Task directions: Copy out the records in full, word for word, without pictures.

[Start of section]

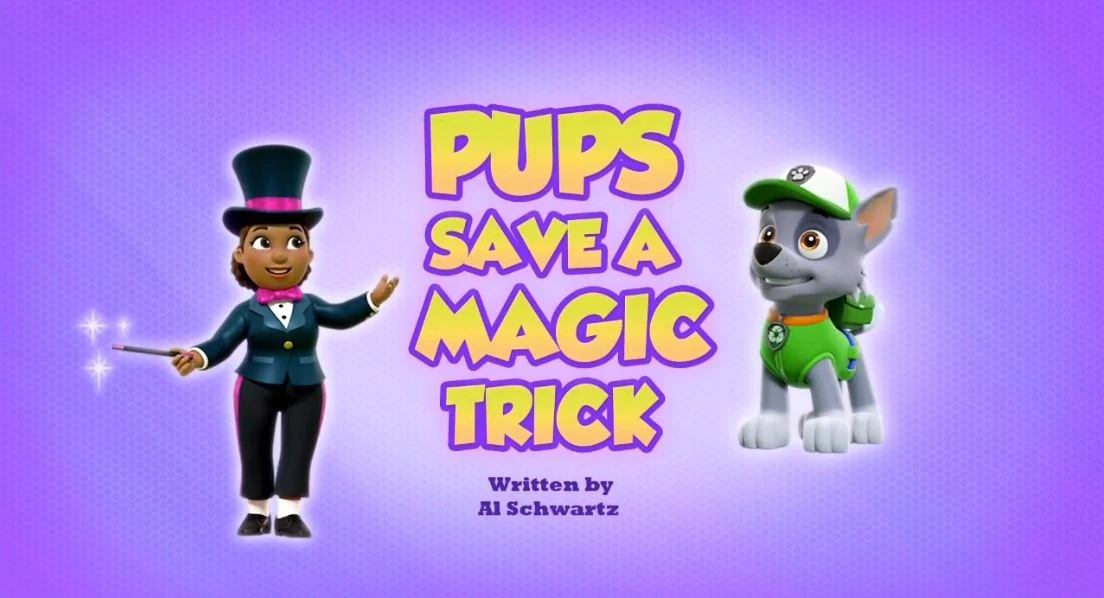 Magic Trick | PAW Patrol Wiki | Fandom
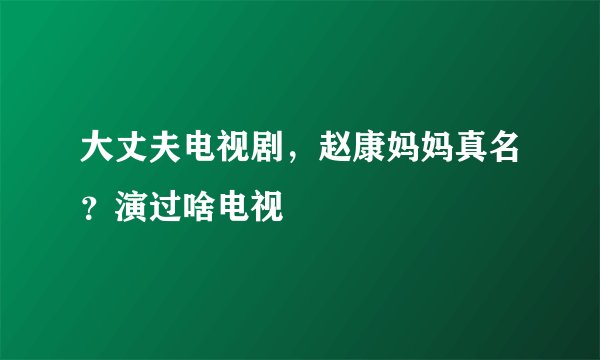 大丈夫电视剧，赵康妈妈真名？演过啥电视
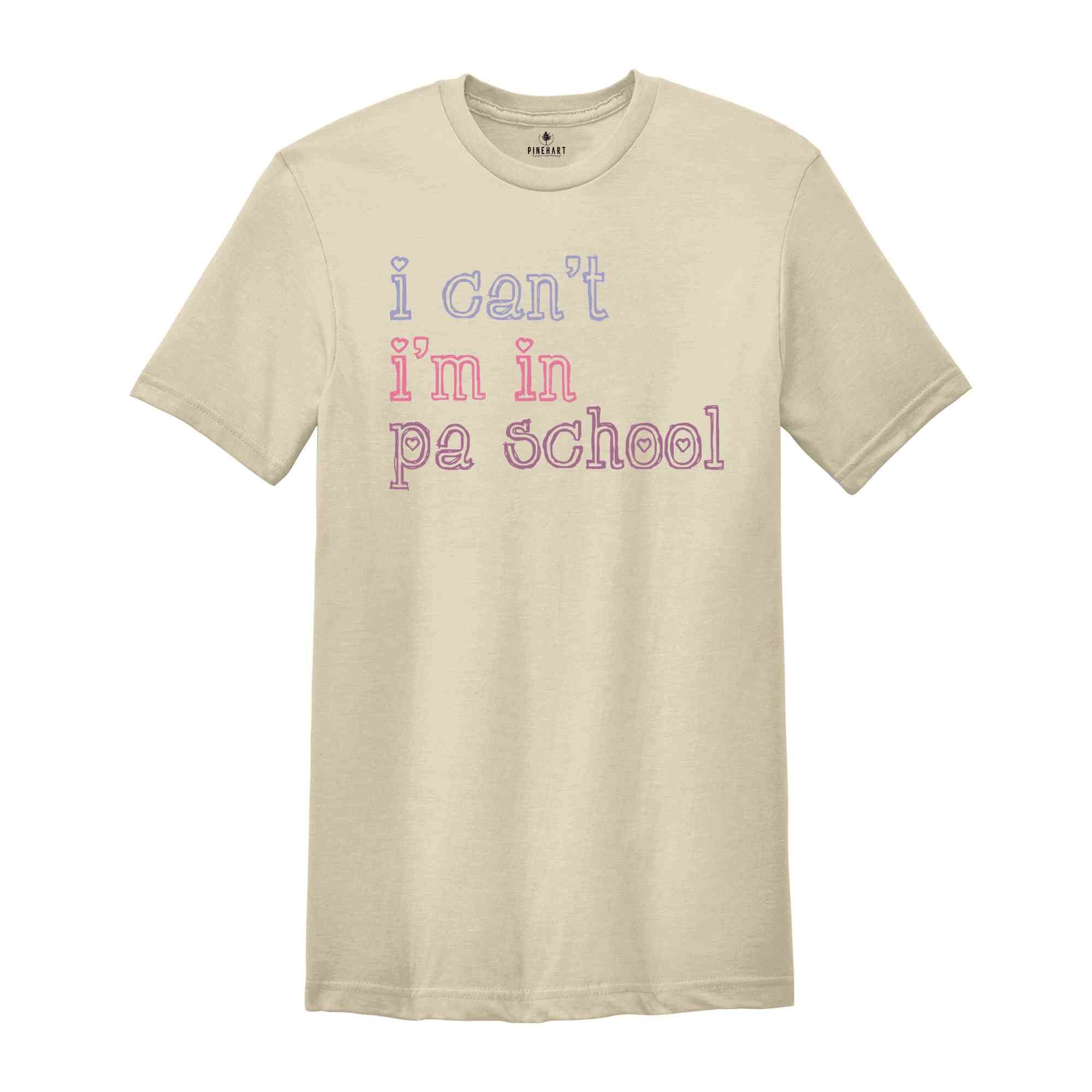 I Can’t I’m In PA School Shirt, Future Physician Assistant Shirt, Clinical Students Shirt, Student Physician Shirt, Future PA Shirt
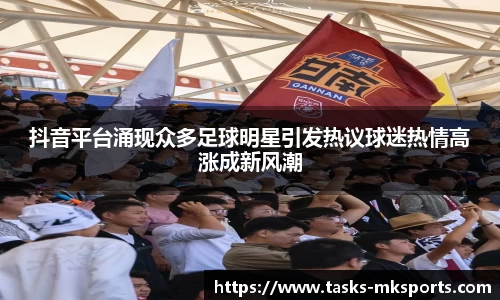 抖音平台涌现众多足球明星引发热议球迷热情高涨成新风潮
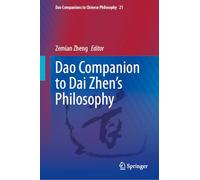 Dao Companion to Dai Zhen’s Philosophy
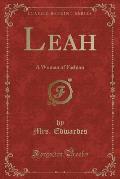 Leah: A Woman of Fashion (Classic Reprint)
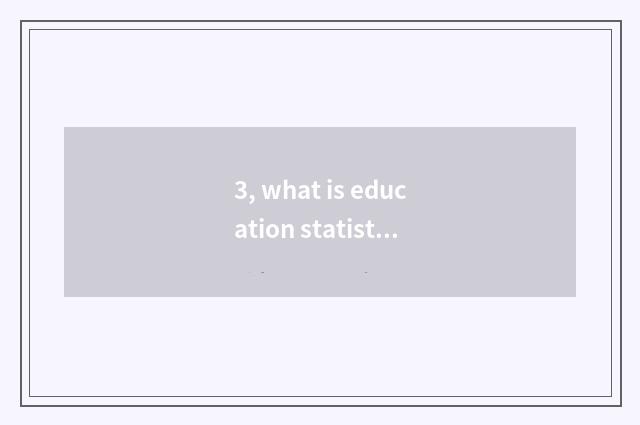 3, what is education statistical, what do its study content has?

[End of section]

Exercise solution:
 Magic Trick | PAW Patrol Wiki | Fandom
 大丈夫电视剧，赵康妈妈真名？演过啥电视
 I Can’t I’m In PA School Shirt, Future Physician Assistant Shirt, Clinical Students Shirt, Student Physician Shirt, Future PA Shirt
 抖音平台涌现众多足球明星引发热议球迷热情高涨成新风潮
 Dao Companion to Dai Zhen’s Philosophy
 Leah: A Woman of Fashion (Classic Reprint)
 3, what is education statistical, what do its study content has?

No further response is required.